# Task:
When you reach the line with "Montaje de unas" in the data below, begin printing lines exactly, and stop once the line with "1008shivas's tweet photo." has been printed.

# Data records:
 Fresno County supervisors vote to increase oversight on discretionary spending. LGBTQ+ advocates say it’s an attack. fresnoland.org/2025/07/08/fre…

--

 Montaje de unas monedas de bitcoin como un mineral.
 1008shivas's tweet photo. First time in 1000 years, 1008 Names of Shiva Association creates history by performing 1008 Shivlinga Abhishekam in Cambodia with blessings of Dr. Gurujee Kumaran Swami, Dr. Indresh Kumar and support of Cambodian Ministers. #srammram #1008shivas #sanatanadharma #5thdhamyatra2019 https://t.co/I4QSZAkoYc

# Written solution:
 Montaje de unas monedas de bitcoin como un mineral.
 1008shivas's tweet photo. First time in 1000 years, 1008 Names of Shiva Association creates history by performing 1008 Shivlinga Abhishekam in Cambodia with blessings of Dr. Gurujee Kumaran Swami, Dr. Indresh Kumar and support of Cambodian Ministers. #srammram #1008shivas #sanatanadharma #5thdhamyatra2019 https://t.co/I4QSZAkoYc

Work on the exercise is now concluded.